Тем не менее, более поздние идеалисты, неблагодарные Локку за их первый принцип, были неблагодарны также Лейбницу за их конечную концепцию, предвосхищенную им во всей ее полноте. Были причины, конечно, для этой неблагодарности. Лейбниц, подобно трансценденталистам, предполагал, что объекты чувств, как опыт открывает их, были порождены из скрытой природы души; но он также полагал, что существует много душ, столько же, сколько атомов в физическом мире, и что образы, возникающие в каждой, были знаками присутствия и фактического состояния ее спутников. Таким образом, восприятие, хотя и дающее непосредственно только идею, как во сне, было косвенно символическим внешней реальности, подобно сну, значимым и способным к интерпретации. И будучи неустрашимым рационалистом, Лейбниц предполагал, что прорицателем, способным прочитать этот сон, является разум, и что все, что разум считал правильным и необходимым, на самом деле должно быть истинным в великом внешнем мире.

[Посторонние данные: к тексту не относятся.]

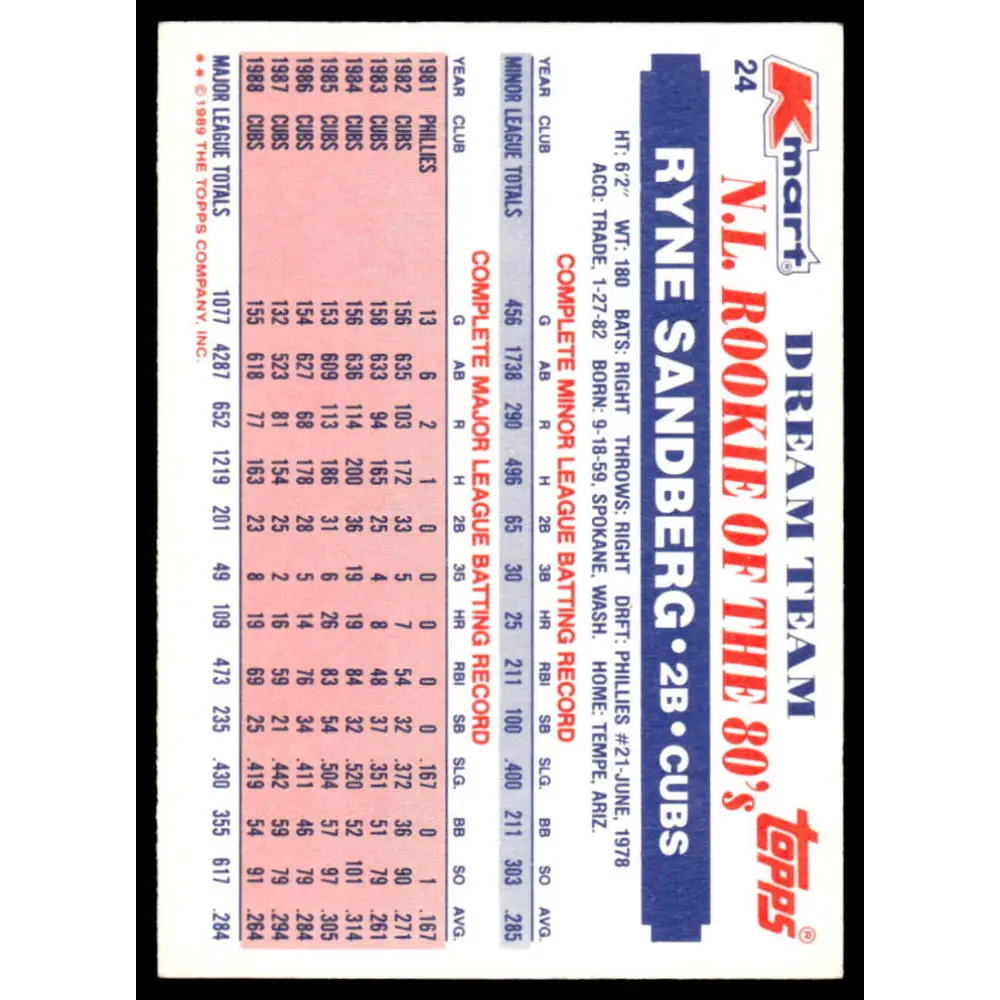 1989 Topps Kmart Dream Team #24 Ryne Sandberg EX Chicago Cubs Baseball Card Image 2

Именно в этой точке Кант отклонился в свою радикальную субъективизацию знания. Его ум был более открыт, чем ум Лейбница, к влияниям английской психологии, он дольше варился в собственном соку, и он не мог не спрашивать, как, если чувства могли открывать только идеи чувств, разум был когда-либо способен открывать что-либо, кроме идей разума. Те выводы о огромном мире снаружи, которые Лейбниц позволил своим духам делать в их одиночном заключении, были сведены более щепетильным Кантом к каракулям на стенах их тюрьмы. Эти каракули он официально назвал идеями чистого — то есть неподдерживаемого — разума; но в своем частном качестве он мягко продолжал соглашаться с Лейбницем и верить, что они истинны.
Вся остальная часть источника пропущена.